Lalu,  ketika dalam sehari saya hanya mampu membaca selama dua jam, hanya sempat menulis selama dua jam, bekerja teng go, hanya tilawah satu juz sehari, saya merasa gagal. Saya frustrasi. Setelah beberapa waktu tak jua dapat mencapai target itu dengan sempurna, akhirnya semua target itu saya lepas sementara untuk menenangkan diri, sebelum mulai membuat gunung target yang lain lagi. Alhasil, lebih banyak perasaan gagal dalam pencapaian target daripada sebaliknya yang saya rasakan, meski sebenarnya apa yang berhasil saya selesaikan pun ngga jelek-jelek amat.
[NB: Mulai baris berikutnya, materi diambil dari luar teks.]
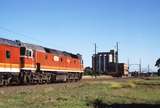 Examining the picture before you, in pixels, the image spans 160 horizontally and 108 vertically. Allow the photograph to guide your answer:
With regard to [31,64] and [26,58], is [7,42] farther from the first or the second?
[31,64]

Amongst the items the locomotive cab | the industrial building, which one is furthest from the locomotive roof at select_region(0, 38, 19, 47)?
the industrial building

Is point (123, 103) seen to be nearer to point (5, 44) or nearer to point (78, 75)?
point (5, 44)

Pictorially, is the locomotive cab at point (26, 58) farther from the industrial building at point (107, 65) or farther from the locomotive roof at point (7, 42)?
the industrial building at point (107, 65)

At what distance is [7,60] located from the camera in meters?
37.2

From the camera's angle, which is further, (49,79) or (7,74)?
(49,79)

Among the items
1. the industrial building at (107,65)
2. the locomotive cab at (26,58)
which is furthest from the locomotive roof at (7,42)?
the industrial building at (107,65)

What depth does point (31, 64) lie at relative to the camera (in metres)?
43.1

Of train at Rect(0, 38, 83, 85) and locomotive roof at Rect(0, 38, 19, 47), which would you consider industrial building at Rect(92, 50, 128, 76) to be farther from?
locomotive roof at Rect(0, 38, 19, 47)

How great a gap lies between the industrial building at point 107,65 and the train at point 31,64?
52.7m

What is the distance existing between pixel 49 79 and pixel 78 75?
14.2m

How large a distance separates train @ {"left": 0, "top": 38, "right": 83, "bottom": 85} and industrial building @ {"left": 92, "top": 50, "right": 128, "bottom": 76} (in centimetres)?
5272

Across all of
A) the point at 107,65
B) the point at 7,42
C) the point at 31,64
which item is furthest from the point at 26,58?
the point at 107,65

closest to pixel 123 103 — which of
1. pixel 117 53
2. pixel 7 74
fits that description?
→ pixel 7 74

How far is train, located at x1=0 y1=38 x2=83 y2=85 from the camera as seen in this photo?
3725 centimetres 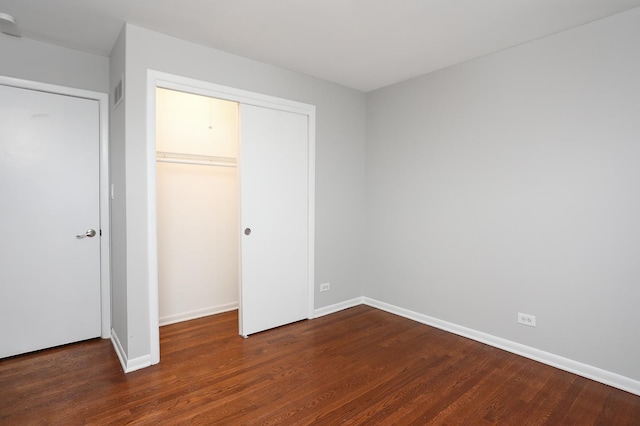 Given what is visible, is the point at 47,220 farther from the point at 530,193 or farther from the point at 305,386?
the point at 530,193

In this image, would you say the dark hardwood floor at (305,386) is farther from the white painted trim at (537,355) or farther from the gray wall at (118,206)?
the gray wall at (118,206)

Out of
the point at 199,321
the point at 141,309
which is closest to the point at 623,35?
the point at 141,309

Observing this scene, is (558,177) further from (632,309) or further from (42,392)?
(42,392)

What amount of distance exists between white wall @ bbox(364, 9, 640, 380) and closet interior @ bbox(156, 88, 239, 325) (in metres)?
1.87

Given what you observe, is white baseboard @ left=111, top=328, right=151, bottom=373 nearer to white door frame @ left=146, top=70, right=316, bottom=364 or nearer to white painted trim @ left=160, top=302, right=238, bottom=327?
white door frame @ left=146, top=70, right=316, bottom=364

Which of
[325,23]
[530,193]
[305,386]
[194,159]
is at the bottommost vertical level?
[305,386]

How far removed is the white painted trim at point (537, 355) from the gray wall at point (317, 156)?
3.12 feet

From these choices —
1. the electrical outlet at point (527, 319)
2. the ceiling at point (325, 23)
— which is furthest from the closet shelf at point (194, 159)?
the electrical outlet at point (527, 319)

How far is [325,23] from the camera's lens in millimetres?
2498

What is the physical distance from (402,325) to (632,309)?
1815mm

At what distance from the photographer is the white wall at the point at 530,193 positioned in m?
2.37

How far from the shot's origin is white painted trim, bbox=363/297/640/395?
236 centimetres

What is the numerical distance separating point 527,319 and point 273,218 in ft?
7.85

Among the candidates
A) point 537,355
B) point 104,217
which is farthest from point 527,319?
point 104,217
Setelah beberapa kali mengalami perasaan gagal  dalam mencapai target yang seabrek, saya pun mulai belajar menyederhanakan target hidup saya. Ini bukan pekerjaan yang mudah bagi seorang yang cenderung menuntut diri. Perasaan frustrasi tergantikan oleh perasaan khawatir kalau-kalau saya terlalu memaklumi dan memanjakan diri. Kalau-kalau saya terlalu menuruti kesenangan diri dan akhirnya malah kebablasan.
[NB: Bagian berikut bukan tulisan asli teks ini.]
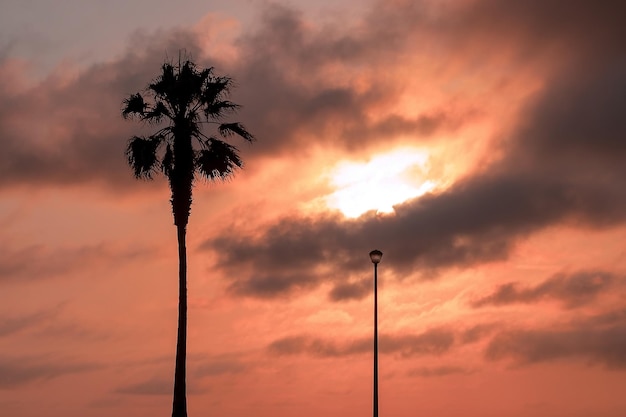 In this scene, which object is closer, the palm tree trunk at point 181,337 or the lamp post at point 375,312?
the lamp post at point 375,312

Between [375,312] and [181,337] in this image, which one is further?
[181,337]

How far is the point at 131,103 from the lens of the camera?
49.0 meters

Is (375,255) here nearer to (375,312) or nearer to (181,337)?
(375,312)

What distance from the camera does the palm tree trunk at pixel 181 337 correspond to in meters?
44.1

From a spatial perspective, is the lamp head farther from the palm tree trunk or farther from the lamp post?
the palm tree trunk

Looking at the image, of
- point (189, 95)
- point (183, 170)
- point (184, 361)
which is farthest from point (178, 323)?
point (189, 95)

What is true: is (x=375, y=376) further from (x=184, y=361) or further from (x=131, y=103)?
(x=131, y=103)

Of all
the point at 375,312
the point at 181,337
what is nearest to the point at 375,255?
the point at 375,312

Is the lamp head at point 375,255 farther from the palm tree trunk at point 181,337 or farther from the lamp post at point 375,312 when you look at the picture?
the palm tree trunk at point 181,337

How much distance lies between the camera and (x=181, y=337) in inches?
1796

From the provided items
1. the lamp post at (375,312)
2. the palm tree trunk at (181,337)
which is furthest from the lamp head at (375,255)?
the palm tree trunk at (181,337)

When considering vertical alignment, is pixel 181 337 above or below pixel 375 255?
below

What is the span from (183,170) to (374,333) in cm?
1193

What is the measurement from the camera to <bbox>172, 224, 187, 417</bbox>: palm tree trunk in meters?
44.1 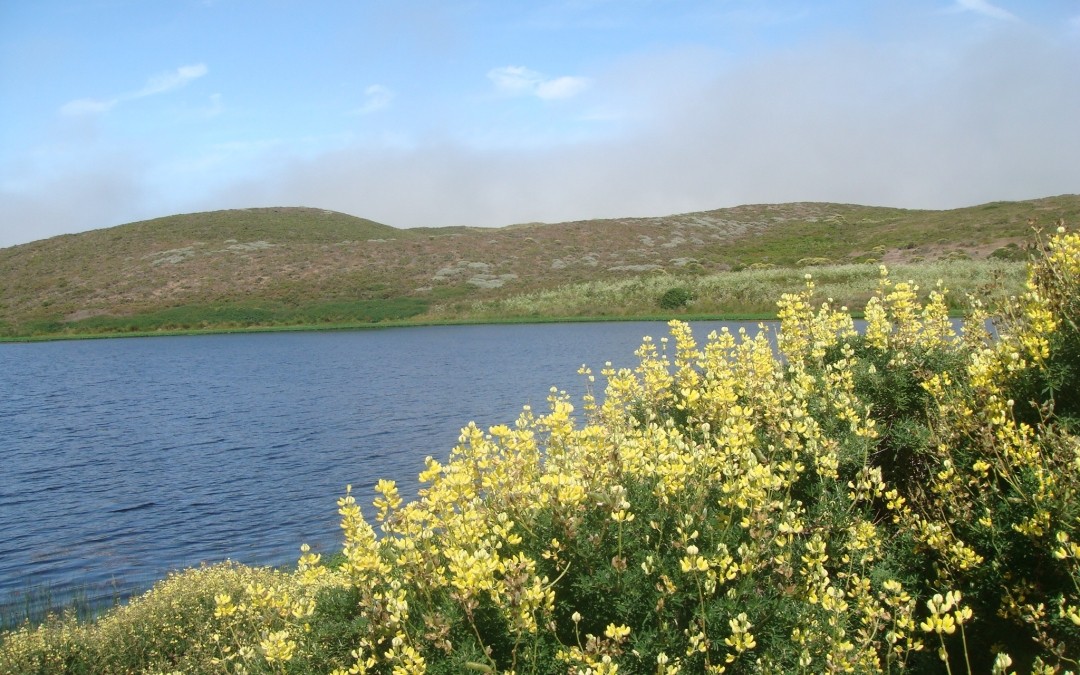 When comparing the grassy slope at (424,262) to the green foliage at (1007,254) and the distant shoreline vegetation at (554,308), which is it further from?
the green foliage at (1007,254)

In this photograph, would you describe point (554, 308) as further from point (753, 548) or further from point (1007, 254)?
point (753, 548)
Setiap kali saya mendapati diri mulai kembali pada kebiasaan lama, saya berusaha menyadarkan diri bahwa memiliki segudang target sangatlah tidak sehat dan sama saja dengan tidak punya target sebab saya menjadi depresi, berujung pada perasaan gagal, dan pada akhirnya semua target itu pun lepas satu persatu. Selain itu, saya juga berusaha menyadarkan diri bahwa reaksi alamiah saya adalah menuntut diri, sehingga takperlu khawatir akan kebablasan.

Namun, saya tetap butuh penguatan bahwa pilihan saya (menyederhanakan target) sudah benar. Jujur, meski saya sudah cukup lama berusaha menyederhanakannya, masih sering timbul pertanyaan, "apakah ini pilihan yang benar? Apakah pilihannya hanya ada dua jenis, yaitu membuat target segunung atau hanya memiliki beberapa saja?" Saya memilih menyederhanakan target bukan karena saya yakin bahwa itu benar, akan tetapi karena pilihan yang satunya sudah pernah saya jalani dan saya rasakan dampaknya.

Hingga beberapa waktu lalu, saya membaca sebuah artikel tentang visi (baca: target jangka panjang) yang ditulis oleh Rhenald Kasali (Visi Misi - Jawapos 10 Oktober 2011). Dalam artikel tersebut Rhenald mengatakan, semakin “besar” seseorang, semakin sederhana targetnya. Sederhana di sini bukan berarti tidak berkualitas. Akan tetapi semakin jelas, jernih, spesifik, dan kalimatnya pendek. Contohnya adalah visi Steve Jobs (Apple) "an apple at every desk", dan visi John F. Kennedy (AS) "mendaratkan manusia ke bulan dan membawa mereka kembali ke bumi dengan selamat pada akhir dekade ini".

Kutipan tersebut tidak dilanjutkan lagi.